All the things I'm wigging out about:
Being in a relationship, that I'm a crappy girlfriend, I get annoyed if he calls more than once when I'm pre-menstrual, then get sad if he calls only once if I'm premenstrual, that my son is such a good kid to compensate for some of the carzy stuff we've been through, that I want more children but I am really emotionally unavailable some of the time (my kid has to ask me for a hug), that I get tense when Mr. C says, "I miss you"-I can feel my whole body tighten up, I have to see my sister-in-law tomorrow-she wants to do background checks on anyone who is introduced to her kid, so in order for Mr.

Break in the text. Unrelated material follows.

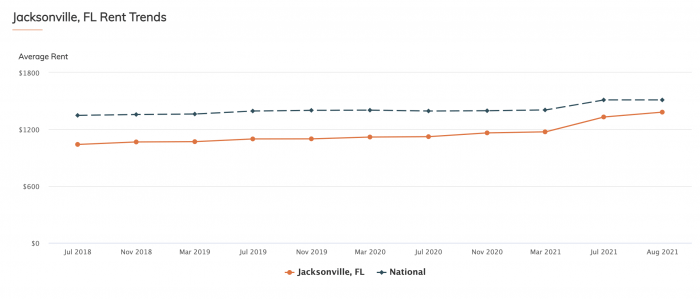 Jacksonville, FL Rent Trends RentCafe 2021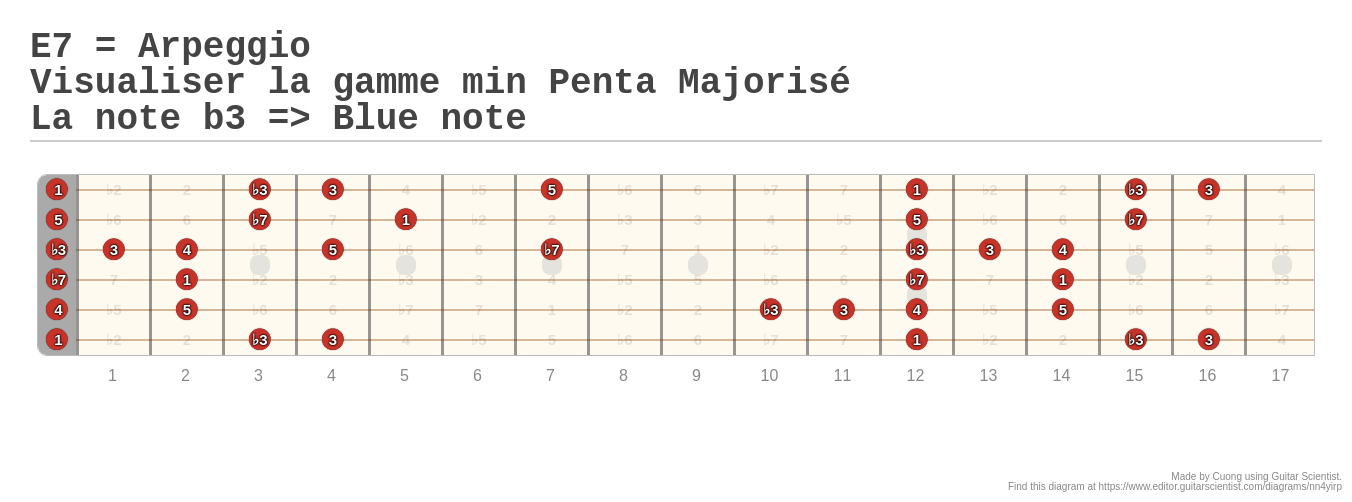 E7 = Arpeggio Visualiser la gamme min Penta Majorisé La note b3 => Blue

C to spend anytime with my family when that niece is around he would have to be vetted-it's small comfort that he's not being singled out-how the hell am I going to be able to make small talk with her, I want to marry this man but then freak out at the thought of actually sharing a place with another human full time-even my son isn't here all of the time, he sleep at his dad's two weekends a month, that maybe I am a lesbian, my house isn't as clean as I want it to be, I go back to work on Monday with little planned for the week, that I can't talk to my mom about much other than the superficial, my dad seems hurt that I haven't seen him in a while but I just can't deal with him right now, I weigh 150 pounds-sure, I am pretty freaking muscular for a woman, but I am still 8-10 pounds over my goal weight and I'm pissed at myself for not being more focused on nutrition...
...shit, I know, I should go read the news and find out about people with real problems.